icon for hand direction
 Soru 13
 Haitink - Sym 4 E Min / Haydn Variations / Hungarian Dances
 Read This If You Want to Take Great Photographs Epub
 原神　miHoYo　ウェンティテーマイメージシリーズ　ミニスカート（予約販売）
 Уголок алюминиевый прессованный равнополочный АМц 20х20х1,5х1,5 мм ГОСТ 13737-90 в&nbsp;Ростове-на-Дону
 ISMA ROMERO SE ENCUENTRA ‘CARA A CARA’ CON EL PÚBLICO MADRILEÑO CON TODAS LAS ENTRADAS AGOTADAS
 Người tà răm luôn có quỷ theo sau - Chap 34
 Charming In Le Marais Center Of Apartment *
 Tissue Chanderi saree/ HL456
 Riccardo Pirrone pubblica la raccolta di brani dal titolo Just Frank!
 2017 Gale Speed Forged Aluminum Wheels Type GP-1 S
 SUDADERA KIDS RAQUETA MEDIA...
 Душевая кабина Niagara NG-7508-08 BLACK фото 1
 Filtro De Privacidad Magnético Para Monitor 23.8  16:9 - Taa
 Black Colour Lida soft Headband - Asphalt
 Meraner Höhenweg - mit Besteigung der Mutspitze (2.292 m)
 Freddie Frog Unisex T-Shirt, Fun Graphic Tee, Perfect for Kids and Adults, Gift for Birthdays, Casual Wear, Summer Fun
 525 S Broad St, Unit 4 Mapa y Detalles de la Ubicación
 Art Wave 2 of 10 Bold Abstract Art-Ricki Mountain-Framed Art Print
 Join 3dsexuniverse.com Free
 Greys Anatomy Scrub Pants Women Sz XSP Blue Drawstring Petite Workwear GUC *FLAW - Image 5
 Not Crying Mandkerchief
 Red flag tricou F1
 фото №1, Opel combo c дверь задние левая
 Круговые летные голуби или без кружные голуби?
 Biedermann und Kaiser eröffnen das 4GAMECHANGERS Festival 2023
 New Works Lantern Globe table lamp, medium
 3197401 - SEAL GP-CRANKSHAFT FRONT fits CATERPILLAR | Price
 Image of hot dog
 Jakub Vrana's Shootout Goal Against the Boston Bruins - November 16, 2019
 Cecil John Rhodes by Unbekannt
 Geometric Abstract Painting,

:::::

--- Task statement ---
When the line with "Charming In Le Marais Center Of Apartment *" is reached in the data above, begin copying, and stop after the line with "Black Colour Lida soft Headband - Asphalt"; copy each line exactly, both ends included.

--- Your solution ---
 Charming In Le Marais Center Of Apartment *
 Tissue Chanderi saree/ HL456
 Riccardo Pirrone pubblica la raccolta di brani dal titolo Just Frank!
 2017 Gale Speed Forged Aluminum Wheels Type GP-1 S
 SUDADERA KIDS RAQUETA MEDIA...
 Душевая кабина Niagara NG-7508-08 BLACK фото 1
 Filtro De Privacidad Magnético Para Monitor 23.8  16:9 - Taa
 Black Colour Lida soft Headband - Asphalt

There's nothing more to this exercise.